Colleagues say Sen. Rockefeller will be missed on healthcare issues
With the retirement of Sen. Jay Rockefeller (D-W. Va.), the left — not to mention the Senate — is losing one of its biggest voices on healthcare.
Rockefeller announced Friday that he won’t run for reelection in 2014, when his current term ends. Colleagues and allies praised his long record of pushing for universal healthcare coverage, as well as his aggressive defense of Medicaid.
“For quite a while, Jay was viewed as Mr. Healthcare on the Hill, said Ron Pollack, executive director of the advocacy group Families USA.
{mosads}Rockefeller emphasized healthcare in his announcement Friday. He noted that he helped create the Children’s Health Insurance Program and was instrumental in the Clinton administration’s failed healthcare push. As the No. 2 Democrat on the Senate Finance Committee, Rockefeller also helped shape the Affordable Care Act.
“I’m just so proud that we saw it through to the end,” Rockefeller said. “The insurance companies don’t like it, which makes me very proud.”
Rockefeller insisted that he wasn’t retiring because he feared a competitive race in 2014, and said he doesn’t particularly mind that the Affordable Care Act is unpopular in his state.
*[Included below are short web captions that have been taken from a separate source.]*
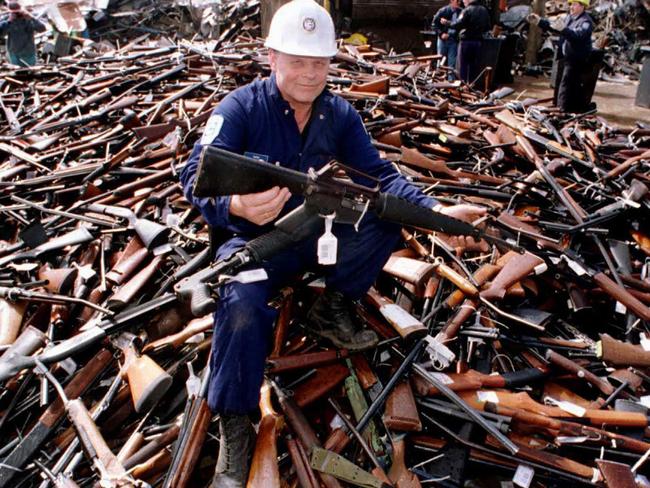 September 8, 1996: An armalite rifle similar is held up, similar to the one used in the Port Arthur massacre, after it was handed in as part of a national firearms amnesty. Picture: AFP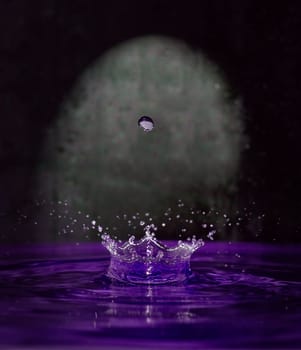 drop of water hanging over splash fontain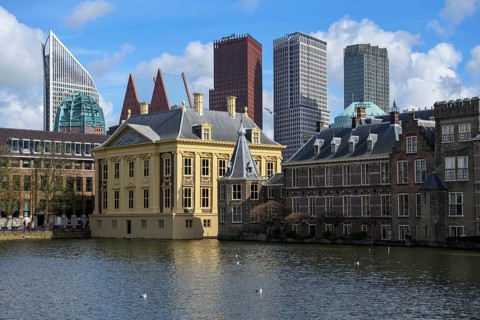 Museum Mauritshuis at the Hofvijver, Hofweiher, in the background the modern skyline, The Hague,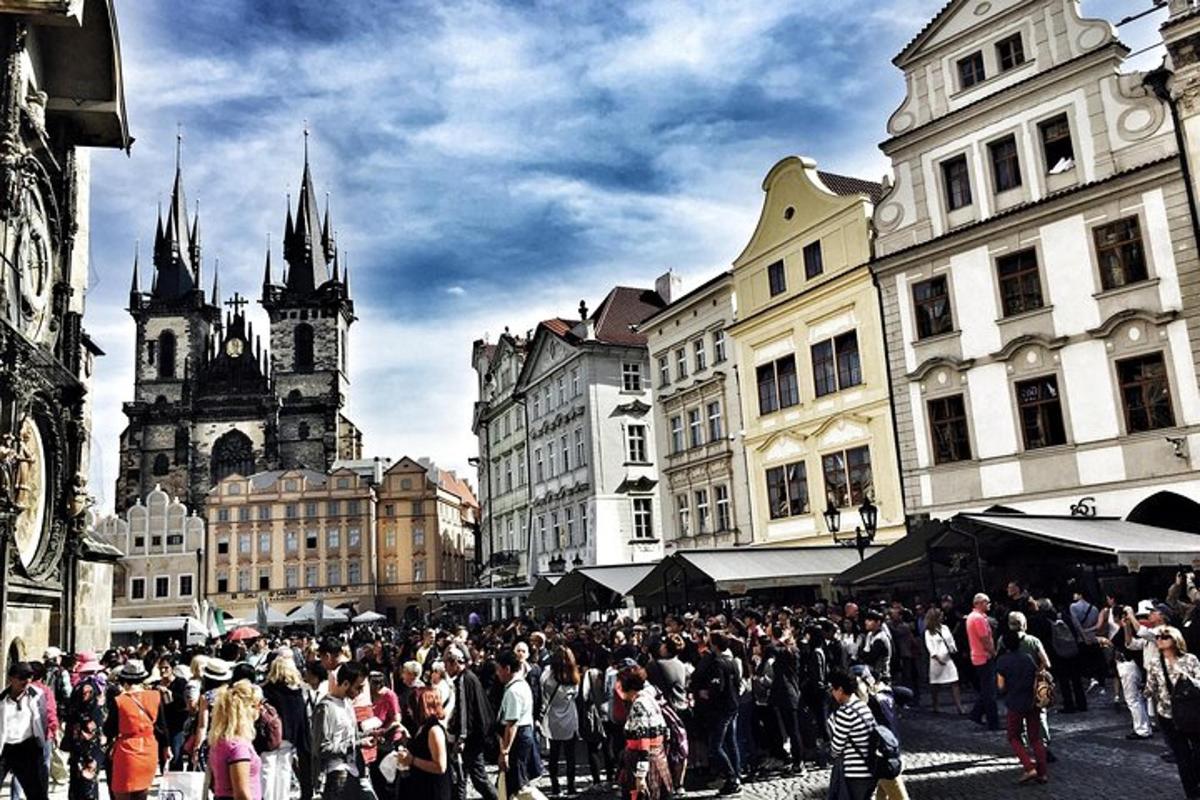 a crowd of people walking around a city with buildings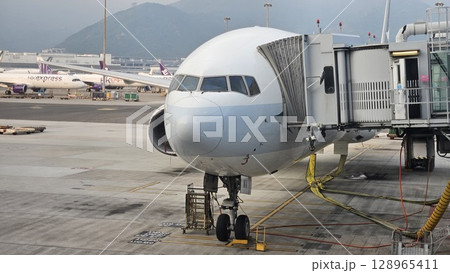 Hong Kong, China - 12th July 2025 - This is Hong Kong airport with ATC tower and a Cathay Pacific aeroplane. 128965411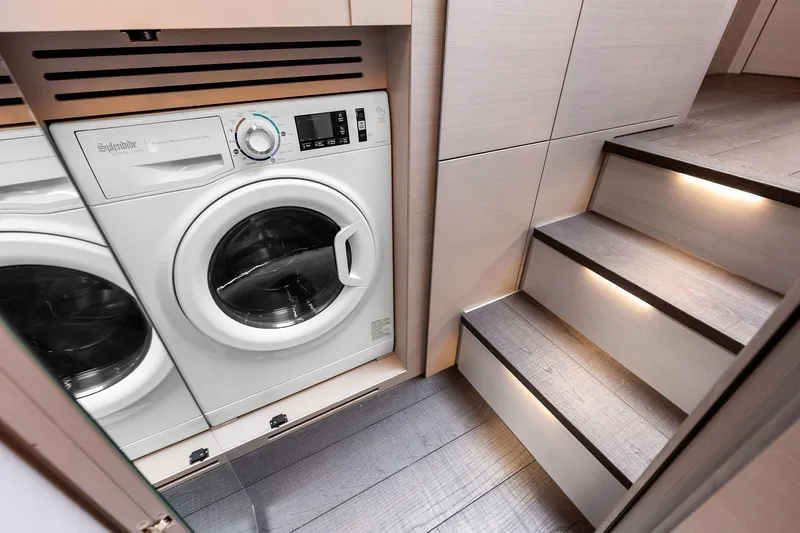 Niki Yacht Photos Pics Laundry area with washer in 2024 Pershing 7X yacht, featuring illuminated wooden stairs.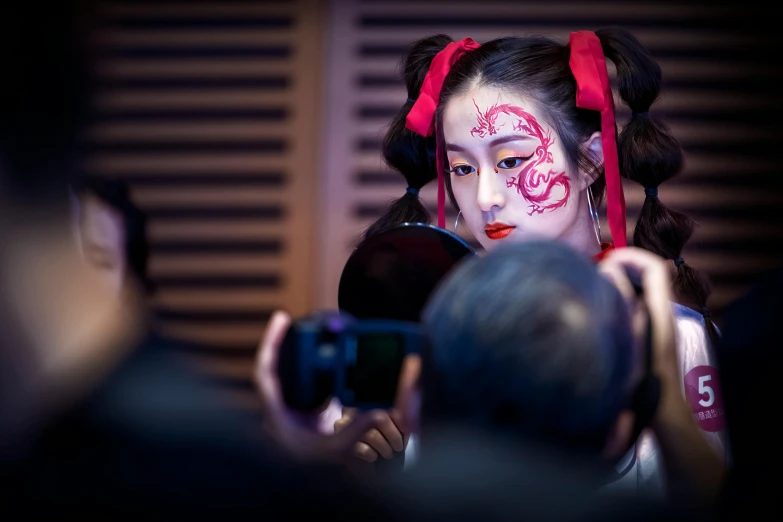 a woman with white makeup holding a mirror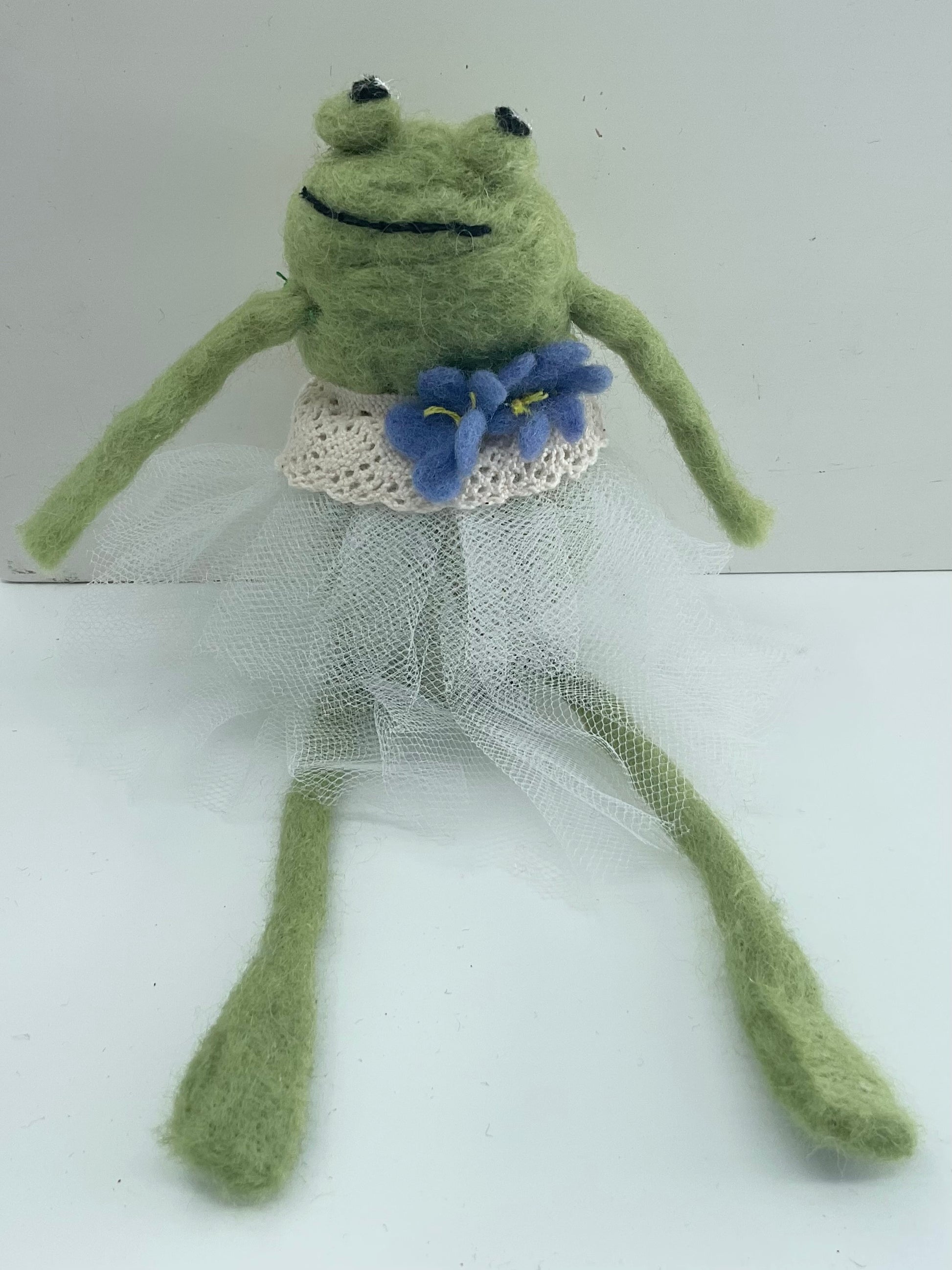 Frog toy in a white dress with a blue flower on a white background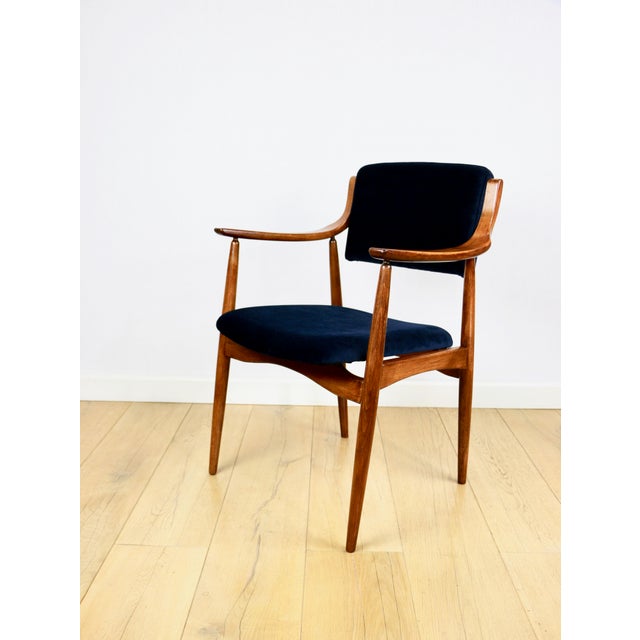 Danish office armchair, vintage office chair in navy blue. A Danish bentwood executive chair from the 1970s. The wooden...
“My fingerprints are all over it, and I knows it’s good and I know it’s going to benefit West Virginia,” he said.
Sen. Al Franken (D-Minn.) worked with Rockefeller on a provision of the health law that requires insurance companies to spend a certain share of their premiums on healthcare costs or pay a rebate to their customers. Franken praised Rockefeller Friday as an “outstanding representative” for his state.
“Jay has been a true leader in the fight to give everyone affordable access to high quality health care, and I was proud to work with him on a number of health care provisions – including one that has already cut over a billion dollars in insurance costs – and we’re all going to miss him when he leaves the Senate,” Franken said in a statement to The Hill.
The two senators appeared together at a press conference last month where they pressed President Obama and Democratic leaders not to cut Medicaid in deficit-reduction talks, and Medicaid has been a particularly important cause for Rockefeller.
“Any time there’s been a threat relative to Medicaid, he has always played a very active role in trying to blunt those efforts, and he’s certainly been the most outspoken member of the Finance Committee,” Pollack said.
He said other Senate Democrats — including Franken and Finance Committee Chairman Max Baucus (D-Mont.) — have also stepped up to the plate on healthcare and Medicaid, specifically, but that Rockefeller was ahead of his time in matching Rep. Henry Waxman (D-Calif.), one of the most consistent advocates for Medicaid.
“It’s not like we’re bereft of leaders, but at one point Jay was really as active as anyone, provided as much leadership as anyone,” Pollack said.
Waxman praised Rockefeller’s “unmatched” commitment to healthcare programs for the poor and disabled.
“He has been a strong defender of Medicare, as well, of course. But his special place as the voice of the vulnerable populations on Medicaid is his legacy,” Waxman said. “He has two more years of service during the critical period of budget negotiations and ACA implementation, of course, and he will remain critical to the defense and improvement of Medicaid and CHIP as long as he is in the Senate. But when he leaves the Senate, his presence will be sorely missed–most particularly by the more than 60 million beneficiaries of Medicaid and CHIP coverage.”